Ce qui fut vraiment touchant, c’est la longue théorie des pays qui se succédaient sur le fleuve, des bateaux chargés de sportifs joyeux. Et cela, dans Paris la belle, toute chargée d’une Histoire édifiante, à défaut d’être toujours exemplaire. Sauf la Russie et la Biélorussie, on avait là un échantillon de Terriens de bonne volonté, qui semblaient préférer le sport à la guerre, instillant, dans les esprits indulgents, une esquisse de sentiment de "citoyenneté du monde".
Il y eut, avec la garde républicaine, la chanteuse Aya Nakamura dénigrée par les fascistes de nos élections récentes, la délégation algérienne qui a jeté des roses dans la Seine pour commémorer le 17 octobre 1961, le miracle d’une délégation palestinienne, et la délégation israélienne qui a été abondamment sifflée, même si la musique en a recouvert le bruit à la télé. Ce qui n’était pas vraiment pertinent, il ne faut jamais oublier qu’il y a, en Israël, une opposition et même une gauche.

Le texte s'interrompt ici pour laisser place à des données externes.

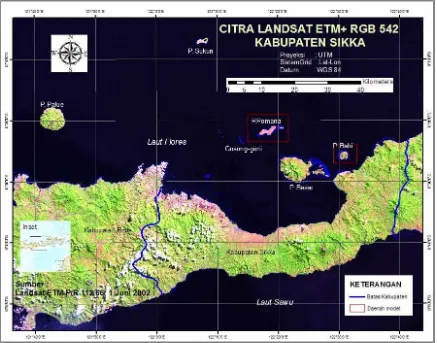 Gambar 7  Citra Kabupaten Sikka, Landsat RGB 542.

On a admiré aussi les illuminations de la Tour Eiffel, plus élégantes que d’habitude, et la montgolfière, qui, pendant toute la période des JO, sera lumineuse dans le ciel la nuit, et le jour, au sol, visitable dans le jardin des Tuileries.
Cela dit, bien que louée par le monde entier, Céline Dion ne fait vraiment pas le poids, comparée à Édith Piaf. Et son "l’Hymne à l’amour", s’est évaporé loin de nos émotions.
Cette soirée fut, malgré tout, un instant, une version lumineuse du genre humain, une sorte de trêve olympique sinon politique, "humanitaire", même si parfaitement illusoire, consolatrice, analogue au rôle des comédies musicales pendant les grandes crises économiques.
Espérons que ce ne sera pas la dernière avant l’effondrement climatique qui nous guette.
Le champion olympique d’équitation, admiré de tous sur son cheval mécanique, plus que comme une vague Jeanne d’Arc, pouvait parfaitement apparaître comme un des quatre cavaliers de l’Apocalypse.
par Anne Vignaux-Laurent
Jeune Cinéma en ligne directe
1. 1924, le Paris des Jeux olympiques de Marie-Laurence Rincé (2024).
Le film est disponible en replay sur TV5 jusqu’au 5 août 2024, et sur Public Sénat jusqu’au 22 juin 2027.
2. Jeux olympiques Paris 2024 ; Jeux paralympiques Paris 2024
3. En replay sur France2, jusqu’au 31 décembre 2024.